THE GMO SCRAPBOOK: LOWER YIELDS, AND IS IT REALLY ABOUT SOLVING WORLD ...

As readers can probably guess by now, this past week I have been focused on the subject of GMOs as a looming geopolitical issue between the BRICSA bloc and the West, especially in the wake of the recent Russian ban on all agricultural imports from the USA, EU, Canada, and Australia.  But there's more looming on that score, as this article, shared with us by a regular reader here, Mr. F.S., indicates:

Can GMOs Help Feed the World?

Of course, we're all familiar with the claim of big agribusiness companies that their product is going to ward off starvation, increase yields, and so on. But this, as the article avers, is wrong on two counts, and I want to draw your attention to these statements, but for a rather different reason than their rather obvious implications:

"As John Robbins writes, if Monsanto’s true goal is addressing hunger, then their seeds would be designed to fix the core problems that underlie the hunger issue, such as:[1]

"-Able to grow on substandard or marginal soils
-Able to produce more high-quality protein with increased per-acre yield, without the need for expensive machinery, chemicals, fertilizers or water
-Engineered to favor small farms over larger farms
-Cheap and freely available without restrictive licensing
-Designed for crops that feed people, not livestock

"If GE foods were really a viable way to eliminate world hunger, then meeting these challenges would be a powerful argument in their favor, would it not? So, what does the science say?

"Monsanto gets a failing grade across the board.

"With nearly 100 million acres of GE food now planted worldwide, Monsanto’s crops have yet to do one thing to alleviate hunger, particularly for the world’s less fortunate. In fact, most of that acreage is devoted to growing corn and transgenic soybeans for livestock feed.
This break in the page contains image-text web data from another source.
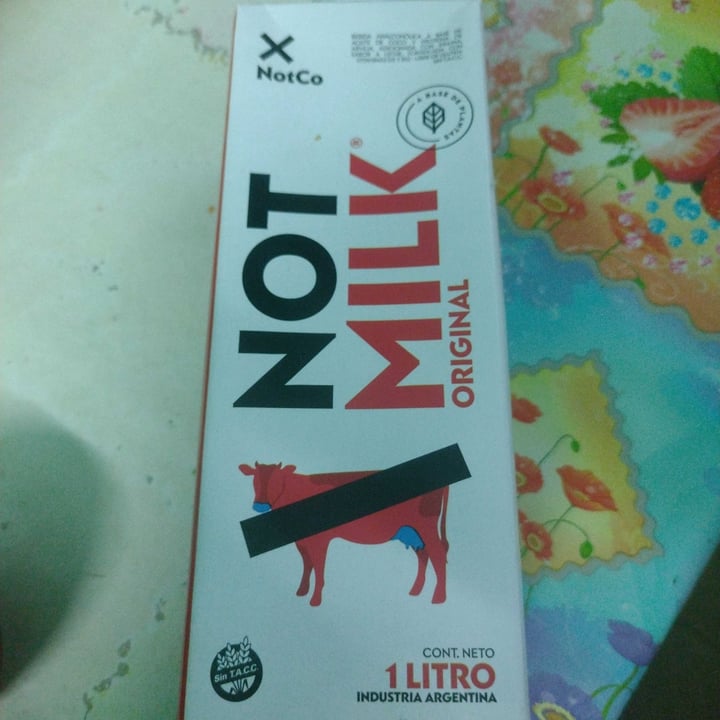 photo of NotCo Not Milk shared by @emigiberti on  31 May 2023 - review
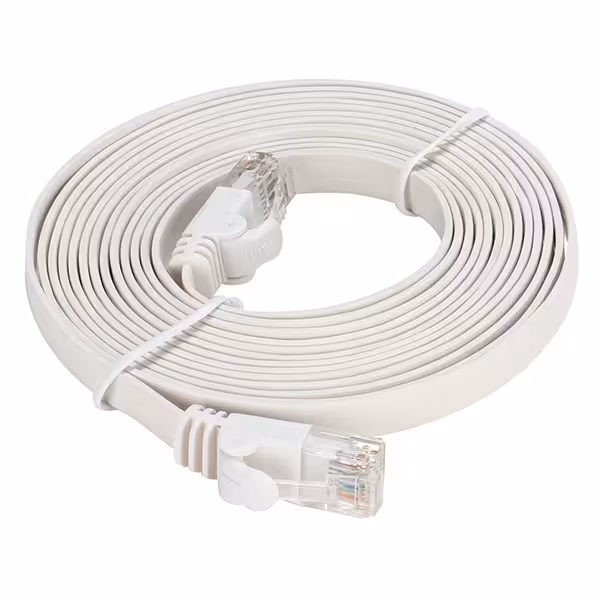 کابل شبکه Cat6  مدل NCB-C6UWHIF1-10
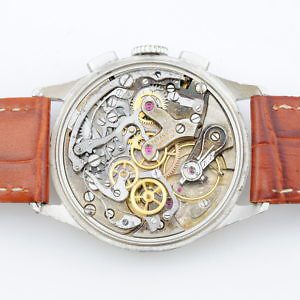 Tavannes chronograph watch movement venus 165
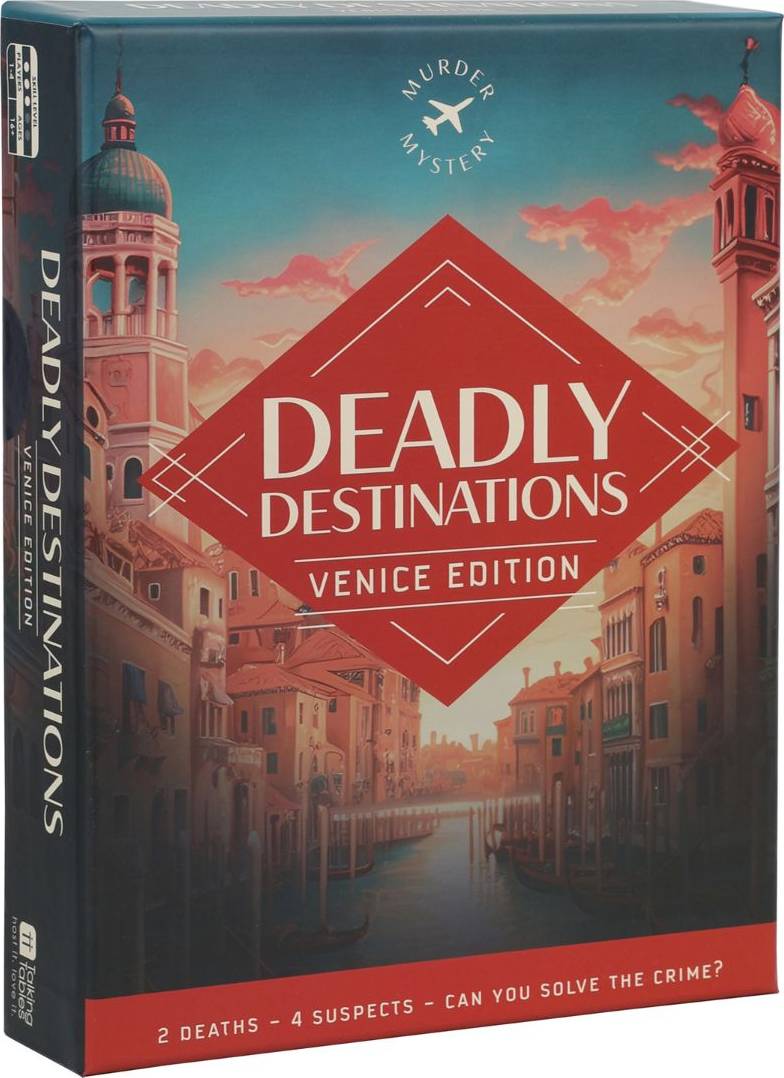 Host Your Own Murder Mystery Venice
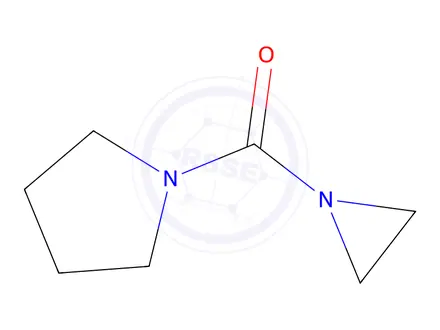 Chemical structure of Aziridin-1-yl(pyrrolidin-1-yl)methanone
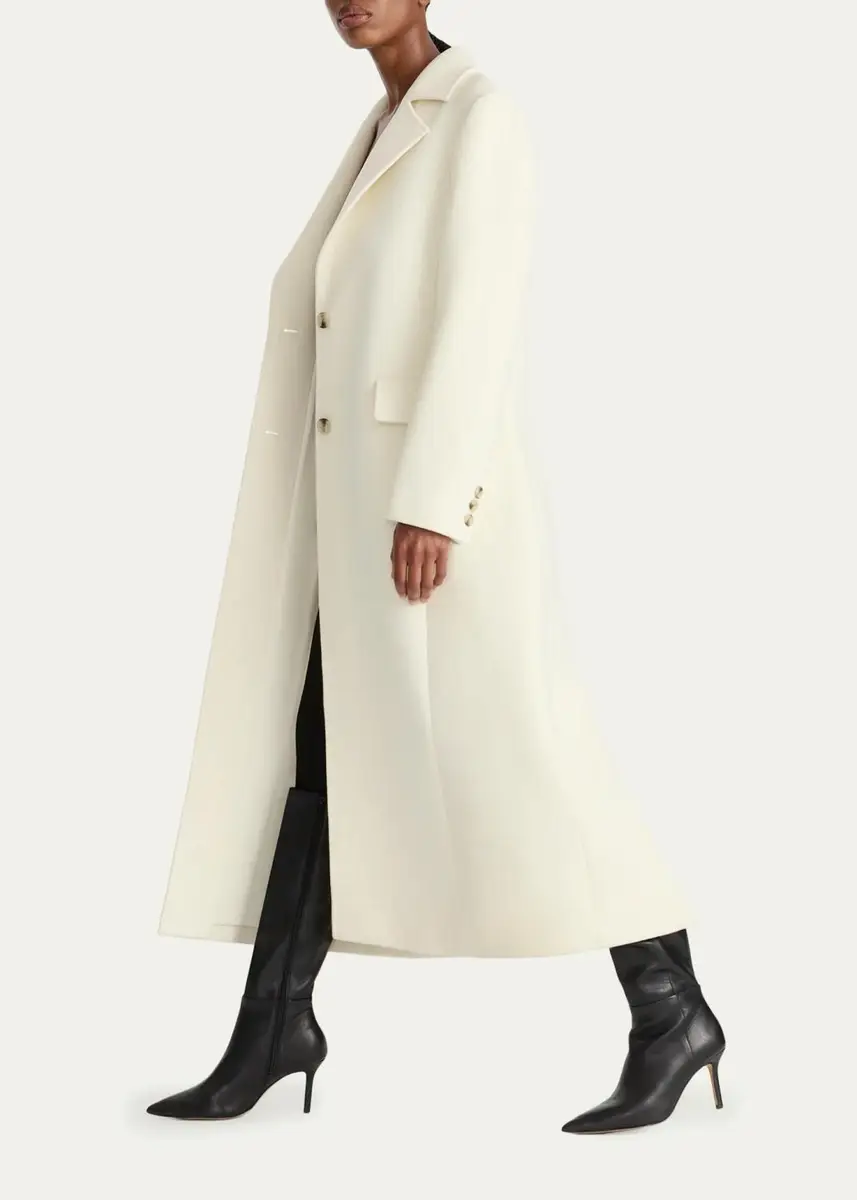 Mackage Corazon Semi-Fitted Wool Coat | Thumbnail 4 Mackage Corazon Semi-Fitted Wool Coat | Thumbnail 4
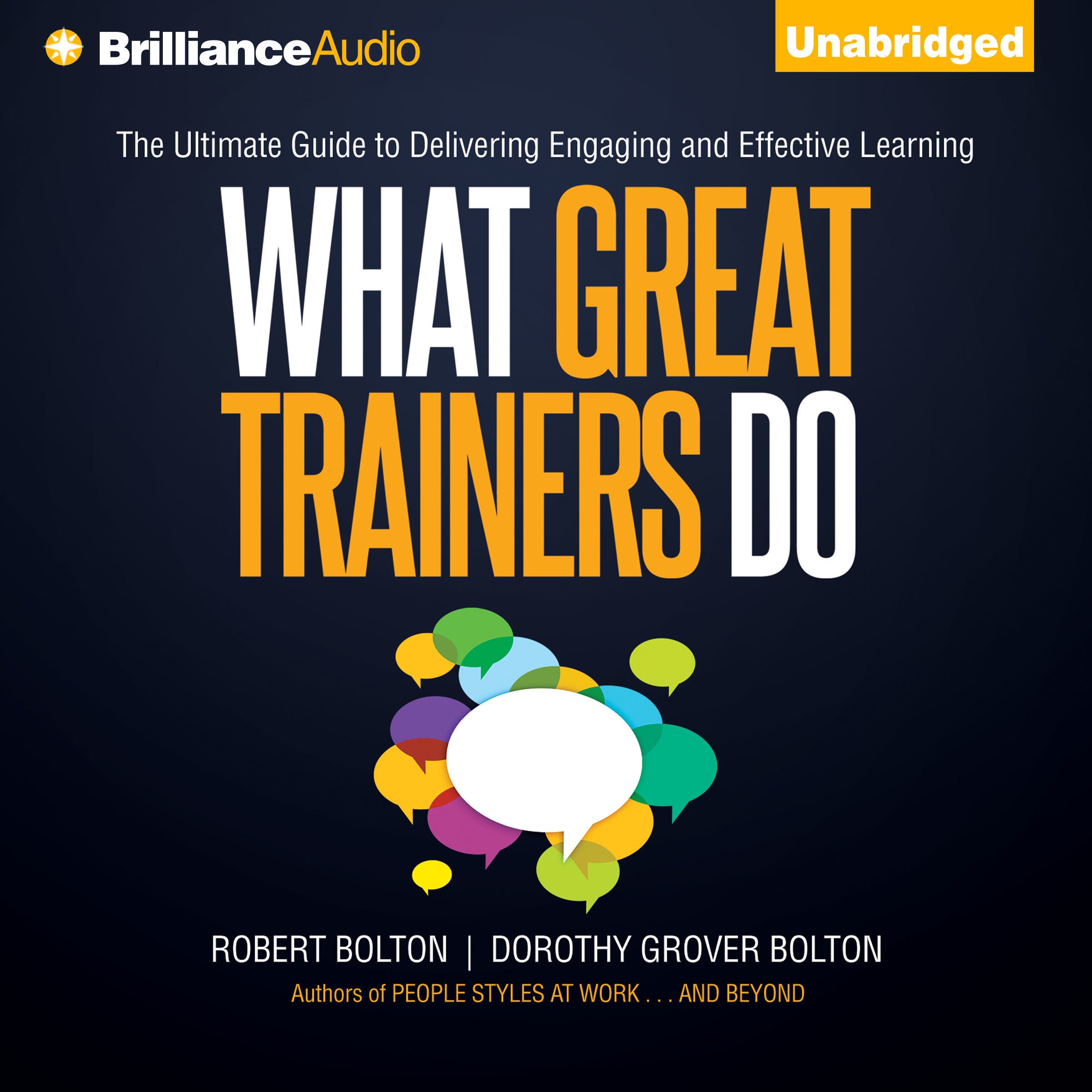 What Great Trainers Do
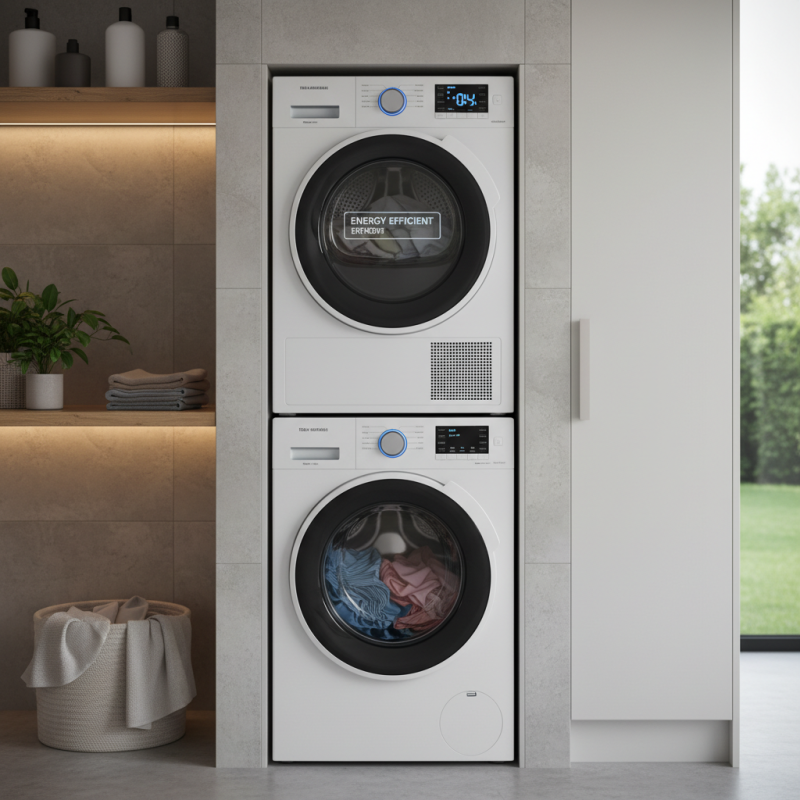 ¿Cómo elegir secadora en lavadora para tu hogar?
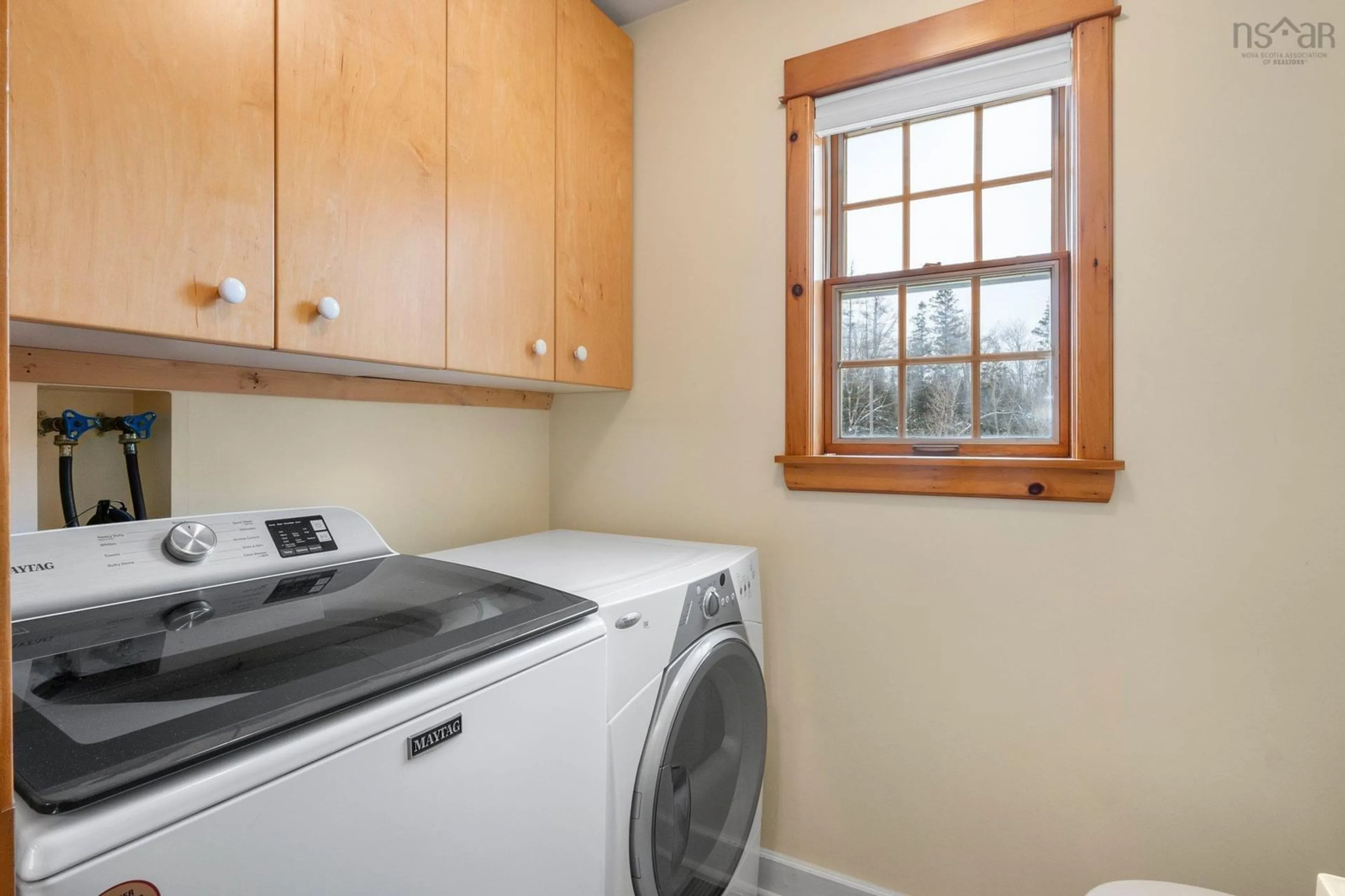 Laundry room for 36 Egbert Caldwell Rd, Hardwood Lands Nova Scotia B0N 1Y0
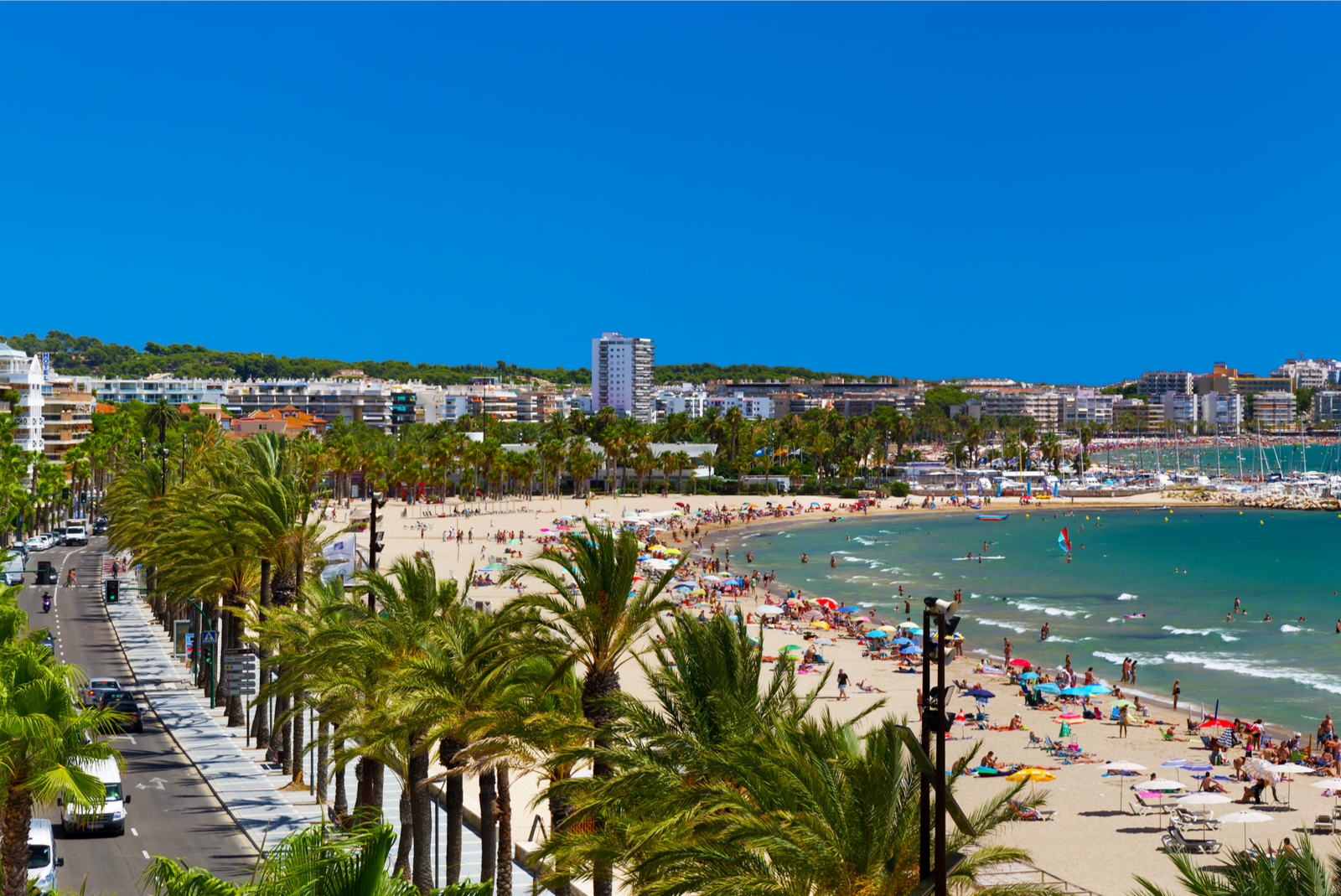 llarga strand salou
GE CROPS PRODUCE A HIGHER YIELD … RIGHT?

"No—their yield is actually lower. Overall, research has shown a 5 to 10 percent reduction in yield for GE soybeans versus the conventional variety. Other GE crops are performing equally poorly.[2] These plants are weak, malnourished and fail with the slightest environmental stress or drought. Agronomists and plant scientists have made far greater advances in yields with conventional breeding methods than with GE crops.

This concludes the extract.